人間、あまりにもヤバいことになると、現実を直視できないんだということをこの時知った。

 

 

 

まず一番近くに立っていて、この中で一番年長のA兄が胸倉を掴まれて、

 

「誰がやったんやコラ?」

 

とドスの効いた声で脅された。

 

僕らは誰も声が出せない。

 

Aはここにきてやっと涙を流し始めた。

 

運転手は、その場にいた全員に強烈なゲンコツをかましてきた。

全員、甘んじてそのゲンコツを受け入れた。

 

半端なく痛かった。

 

その後、運転手は「親を呼んできなさい」と言った。

 

その声にはもうドスはなかった。

 

その後は、Aが走ってA親を呼びに行き、A親が猛ダッシュで出てきた。A親は終始平謝り。

運転手は、冷静な声で「危ないからこんなことは絶対にさせないように」とだけ言った。

 

そして、僕らに向かって最後に

「大きな事故になることだってある。

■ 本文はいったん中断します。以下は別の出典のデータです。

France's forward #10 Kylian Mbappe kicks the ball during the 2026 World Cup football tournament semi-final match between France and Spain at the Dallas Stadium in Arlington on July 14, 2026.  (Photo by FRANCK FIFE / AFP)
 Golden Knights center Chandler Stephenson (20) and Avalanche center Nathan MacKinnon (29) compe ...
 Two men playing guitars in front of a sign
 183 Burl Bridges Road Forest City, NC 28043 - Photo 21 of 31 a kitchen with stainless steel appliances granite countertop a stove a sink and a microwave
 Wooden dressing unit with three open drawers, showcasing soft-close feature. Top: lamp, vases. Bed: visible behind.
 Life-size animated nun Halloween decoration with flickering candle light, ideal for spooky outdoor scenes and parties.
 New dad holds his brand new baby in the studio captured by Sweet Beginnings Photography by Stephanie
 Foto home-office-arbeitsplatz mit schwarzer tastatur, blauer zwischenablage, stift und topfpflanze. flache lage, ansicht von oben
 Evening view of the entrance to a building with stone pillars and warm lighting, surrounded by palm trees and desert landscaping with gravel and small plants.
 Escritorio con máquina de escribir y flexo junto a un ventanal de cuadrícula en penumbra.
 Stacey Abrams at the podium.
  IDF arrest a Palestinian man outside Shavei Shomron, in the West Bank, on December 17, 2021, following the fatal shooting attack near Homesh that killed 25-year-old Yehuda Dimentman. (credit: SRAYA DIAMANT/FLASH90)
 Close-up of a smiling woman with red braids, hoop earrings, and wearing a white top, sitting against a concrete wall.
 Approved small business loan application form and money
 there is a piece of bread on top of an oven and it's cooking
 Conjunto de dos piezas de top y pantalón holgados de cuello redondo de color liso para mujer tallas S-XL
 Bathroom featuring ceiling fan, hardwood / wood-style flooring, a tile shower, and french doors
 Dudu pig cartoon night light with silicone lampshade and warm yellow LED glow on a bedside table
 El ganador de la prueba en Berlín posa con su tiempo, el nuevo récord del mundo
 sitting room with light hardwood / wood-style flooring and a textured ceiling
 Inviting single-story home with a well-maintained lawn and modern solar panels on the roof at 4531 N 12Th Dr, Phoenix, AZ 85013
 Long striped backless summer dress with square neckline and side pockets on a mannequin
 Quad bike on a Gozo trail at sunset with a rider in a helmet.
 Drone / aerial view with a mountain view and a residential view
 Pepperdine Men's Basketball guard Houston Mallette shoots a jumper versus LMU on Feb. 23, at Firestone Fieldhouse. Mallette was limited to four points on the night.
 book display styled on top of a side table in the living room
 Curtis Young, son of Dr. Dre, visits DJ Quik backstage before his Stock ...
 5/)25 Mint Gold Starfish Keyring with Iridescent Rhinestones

気をつけなさい。」

と言って去っていった。

 

その場にいた全員が涙を流し、Aはその場にへたりこんだ。

 

ホントに殺されるかと思った。

助かった。

 

みんな安堵していた。

 

 

まぁ、A母が、へたりこんで泣いてるAの髪を掴んで起こさせ、ボコボコにし始めたのも大分怖かったけど。

 

 

これが僕の死ぬかと思った体験。

 

そしてこの話には、続きがある。

もっともっとヤバい続きがあるが、それはまたの機会に。